Al n. 12, dopo aver ricordato che, per l'identità del presbitero, non è prioritario il riferimento alla Chiesa, bensì i riferimento a Cristo, il papa continua: “ In quanto mistero infatti, la Chiesa è essenzialmente relativa a Gesù Cristo: Lui, infatti, è la pienezza, il corpo, la sposa ( ... ). Il presbitero trova la verità piena della sua identità nell'essere una derivazione, una partecipazione specifica e una continuazione di Cristo stesso, sommo e unico sacerdote della nuova ed eterna Alleanza: egli è un'immagine viva e trasparente di Cristo sacerdote. Il sacerdozio di Cristo, espressione della sua assoluta "novità" nella storia della salvezza, costituisce la fonte unica e il paradigma insostituibile del sacerdozio del cristiano e, in specie, del presbitero. Il riferimento a Cristo è allora la chiave assolutamente necessaria per la comprensione delle realtà sacerdotali ”.

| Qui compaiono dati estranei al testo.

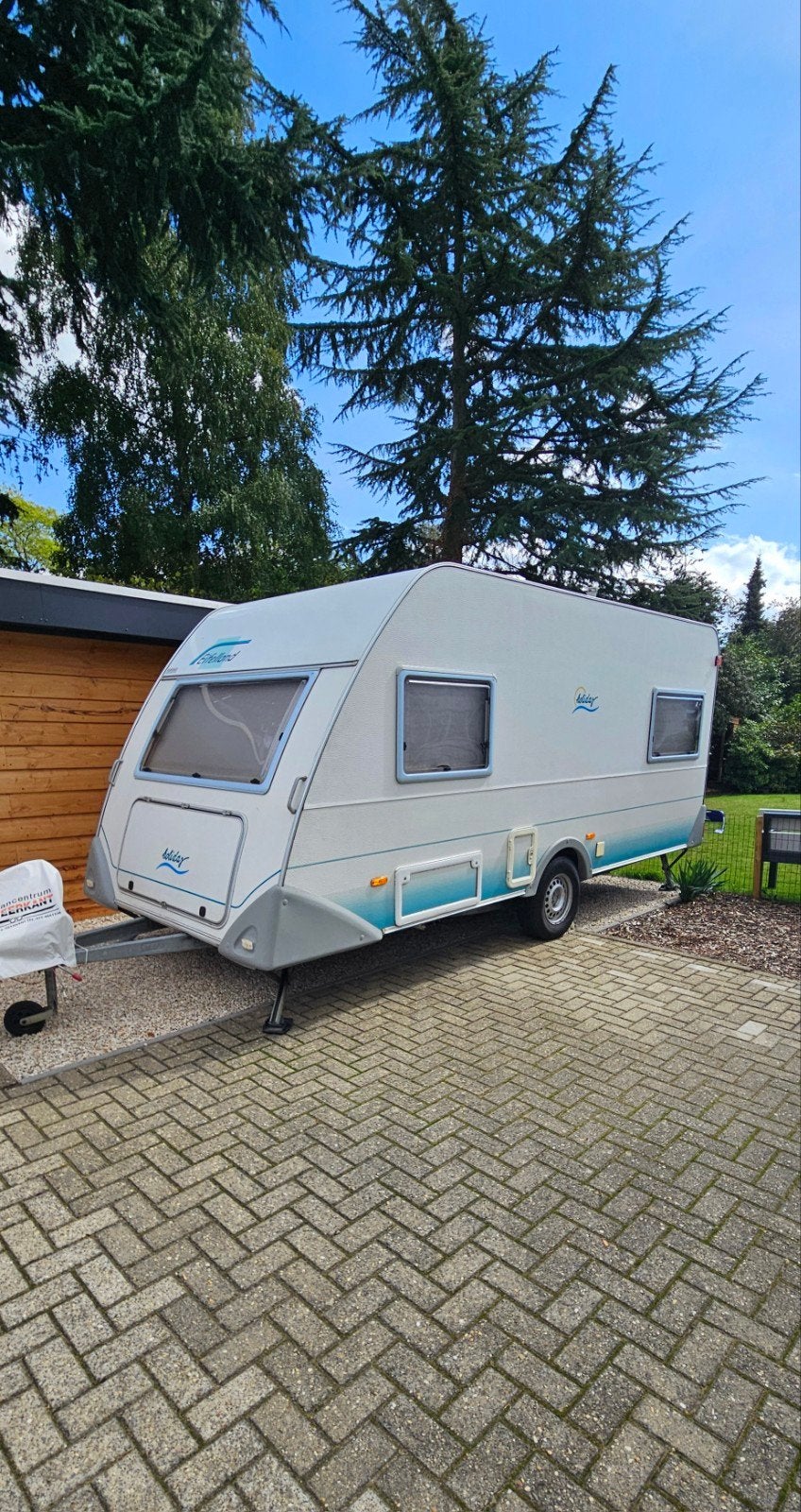 Eifelland Holiday Caravan - Compact en Compleet, Caravans en Kamperen, Vast bed, Rondzit, 750 - 1000 kg, 4 tot 5 meter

Sulla base di questa strettissima unità tra il presbitero e Cristo, si comprende meglio la ragione teologica profonda del celibato.
Il n. 22 è intitolato: “Testimone dell'amore sponsale di Cristo”. Più avanti: “Il sacerdote è chiamato a essere immagine viva di Gesù Cristo Sposo della Chiesa ”. Cita poi una proposizione del sinodo: “ In quanto ripresenta Cristo capo, pastore e sposo della Chiesa, il sacerdote si pone non solo nella Chiesa ma anche di fronte alla Chiesa ”.
Al n. 29, proprio nel paragrafo dove parla della verginità e del celibato, il Santo Padre cita per intero la propositio 11 del sinodo su questo argomento; poi, per spiegare la “ motivazione teologica della legge ecclesiastica sul celibato ”, scrive: “ La volontà della Chiesa trova la sua ultima motivazione nel legame che il celibato ha con l'Ordinazione sacra, che configura il sacerdote e Gesù Cristo Capo e Sposo della Chiesa. La Chiesa, come Sposa di Gesù Cristo, vuole essere amata dal sacerdote nel modo totale ed esclusivo con cui Gesù Cristo Capo e Sposo l'ha amata ”.